Gus legte sämtliche Zeitungen auf den Tisch im Konferenzzimmer. Obenauf legte er ein populäres Blatt, das in seiner Schlagzeile fragte: UND? WIRST DU DICH FREIWILLIG MELDEN, LEW?
Gus hatte Brian Hall eine Viertelstunde früher einbestellt als Vyalov. Der Gewerkschaftsführer erschien auf die Sekunde genau. Er trug einen modischen Anzug und einen grauen Filzhut. Das ist eine gute Taktik, dachte Gus. Es war ein Fehler, geringwertiger zu erscheinen, nur weil man die Arbeiter repräsentierte. Auf seine Art war Hall genauso respekteinflößend wie Vyalov.
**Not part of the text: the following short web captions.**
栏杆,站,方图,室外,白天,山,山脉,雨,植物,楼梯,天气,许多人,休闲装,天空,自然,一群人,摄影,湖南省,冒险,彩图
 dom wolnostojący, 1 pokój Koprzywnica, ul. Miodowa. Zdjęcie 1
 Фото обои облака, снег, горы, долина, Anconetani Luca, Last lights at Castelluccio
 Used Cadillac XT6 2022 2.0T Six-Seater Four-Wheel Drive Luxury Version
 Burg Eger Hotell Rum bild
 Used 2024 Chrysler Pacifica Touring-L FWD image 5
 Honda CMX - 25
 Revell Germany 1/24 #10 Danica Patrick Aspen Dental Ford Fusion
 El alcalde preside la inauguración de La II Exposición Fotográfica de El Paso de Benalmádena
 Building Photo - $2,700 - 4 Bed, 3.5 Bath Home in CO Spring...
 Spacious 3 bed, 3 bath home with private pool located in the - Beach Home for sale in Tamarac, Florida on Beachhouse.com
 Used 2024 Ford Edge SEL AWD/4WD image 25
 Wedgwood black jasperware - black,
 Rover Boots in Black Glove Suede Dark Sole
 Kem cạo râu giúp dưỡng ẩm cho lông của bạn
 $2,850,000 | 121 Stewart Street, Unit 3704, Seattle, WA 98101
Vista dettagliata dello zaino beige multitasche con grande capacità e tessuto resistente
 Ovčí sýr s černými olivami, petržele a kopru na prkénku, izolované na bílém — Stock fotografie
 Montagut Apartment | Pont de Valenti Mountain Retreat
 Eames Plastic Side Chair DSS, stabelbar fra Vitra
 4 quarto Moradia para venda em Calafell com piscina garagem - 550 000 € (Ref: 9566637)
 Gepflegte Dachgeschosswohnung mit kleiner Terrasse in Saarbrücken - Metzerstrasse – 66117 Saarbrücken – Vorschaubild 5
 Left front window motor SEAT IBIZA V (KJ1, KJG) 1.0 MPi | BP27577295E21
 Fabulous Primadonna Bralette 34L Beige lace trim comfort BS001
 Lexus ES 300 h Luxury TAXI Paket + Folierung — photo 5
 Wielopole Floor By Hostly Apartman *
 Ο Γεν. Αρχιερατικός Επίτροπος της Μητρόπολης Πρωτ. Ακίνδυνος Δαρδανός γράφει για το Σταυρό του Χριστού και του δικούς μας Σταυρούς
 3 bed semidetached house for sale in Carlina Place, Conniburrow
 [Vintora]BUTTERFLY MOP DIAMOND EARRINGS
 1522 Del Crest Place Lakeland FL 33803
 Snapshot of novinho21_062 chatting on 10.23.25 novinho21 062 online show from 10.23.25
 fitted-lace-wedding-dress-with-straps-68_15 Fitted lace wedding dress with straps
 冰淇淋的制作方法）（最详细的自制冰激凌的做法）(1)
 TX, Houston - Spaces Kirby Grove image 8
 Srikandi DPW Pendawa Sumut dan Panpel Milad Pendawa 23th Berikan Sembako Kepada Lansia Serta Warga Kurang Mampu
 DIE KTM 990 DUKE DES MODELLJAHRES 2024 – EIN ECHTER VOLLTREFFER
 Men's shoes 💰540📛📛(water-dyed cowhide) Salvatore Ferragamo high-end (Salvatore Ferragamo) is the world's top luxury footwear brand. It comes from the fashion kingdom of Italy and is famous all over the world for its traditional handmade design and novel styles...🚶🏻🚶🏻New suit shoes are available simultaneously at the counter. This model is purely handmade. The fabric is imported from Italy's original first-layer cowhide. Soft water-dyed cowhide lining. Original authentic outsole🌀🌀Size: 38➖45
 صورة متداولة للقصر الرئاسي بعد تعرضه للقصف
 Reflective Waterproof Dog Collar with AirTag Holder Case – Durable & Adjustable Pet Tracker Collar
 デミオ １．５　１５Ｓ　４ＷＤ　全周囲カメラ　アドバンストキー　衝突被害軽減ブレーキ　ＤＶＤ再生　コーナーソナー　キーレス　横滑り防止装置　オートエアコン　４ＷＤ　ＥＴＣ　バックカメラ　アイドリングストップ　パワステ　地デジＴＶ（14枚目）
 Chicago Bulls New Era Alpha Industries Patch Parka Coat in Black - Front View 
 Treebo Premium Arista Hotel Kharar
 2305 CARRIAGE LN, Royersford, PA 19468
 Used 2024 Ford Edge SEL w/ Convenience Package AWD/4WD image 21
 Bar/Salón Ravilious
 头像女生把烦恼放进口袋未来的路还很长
Hall sah die Zeitungen und grinste. »Der junge Lew hat einen Fehler gemacht«, sagte er mit sichtlicher Zufriedenheit. »Er hat sich eine Menge Ärger eingebrockt.«
»Die Presse zu manipulieren ist ein gefährliches Spiel«, sagte Gus und kam direkt auf den Punkt. »Sie verlangen eine Lohnerhöhung von einem Dollar pro Tag.«
»Das sind nur zehn Cent mehr als meine Leute verdient haben, bevor Vyalov die Fabrik gekauft hat, und …«
»Vergessen Sie’s«, unterbrach ihn Gus und legte mehr Mut an den Tag, als er verspürte. »Wenn ich Ihnen fünfzig Cent geben kann, nehmen Sie dann an?«
Hall musterte ihn misstrauisch. »Ich werde es mit meinen Leuten besprechen.«
»Nein«, sagte Gus. »Sie müssen es jetzt entscheiden.« Er betete, dass man ihm seine Nervosität nicht ansah.
Hall blieb zurückhaltend. »Hat Vyalov dem zugestimmt?«
»Überlassen Sie Vyalov mir. Fünfzig Cent … Nehmen Sie’s oder lassen Sie’s bleiben.« Gus widerstand dem Verlangen, sich die Stirn abzuwischen.